(Beginning of DATA FOR REVIEW)
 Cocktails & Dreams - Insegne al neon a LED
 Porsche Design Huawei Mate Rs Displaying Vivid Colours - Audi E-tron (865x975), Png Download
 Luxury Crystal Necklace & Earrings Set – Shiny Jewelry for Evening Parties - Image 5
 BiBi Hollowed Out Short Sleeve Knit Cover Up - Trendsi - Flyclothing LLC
(End of DATA FOR REVIEW)
(Beginning of DATA FOR REVIEW)
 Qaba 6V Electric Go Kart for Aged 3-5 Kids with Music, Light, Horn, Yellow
(End of DATA FOR REVIEW)
▶ [WORK TO COMPLETE]
In the listing above, find the line with "Luxury Crystal Necklace" and the line with "BiBi Hollowed Out", then reproduce both and every line between them exactly.

▶ [EXERCISE RESPONSE]
 Luxury Crystal Necklace & Earrings Set – Shiny Jewelry for Evening Parties - Image 5
 BiBi Hollowed Out Short Sleeve Knit Cover Up - Trendsi - Flyclothing LLC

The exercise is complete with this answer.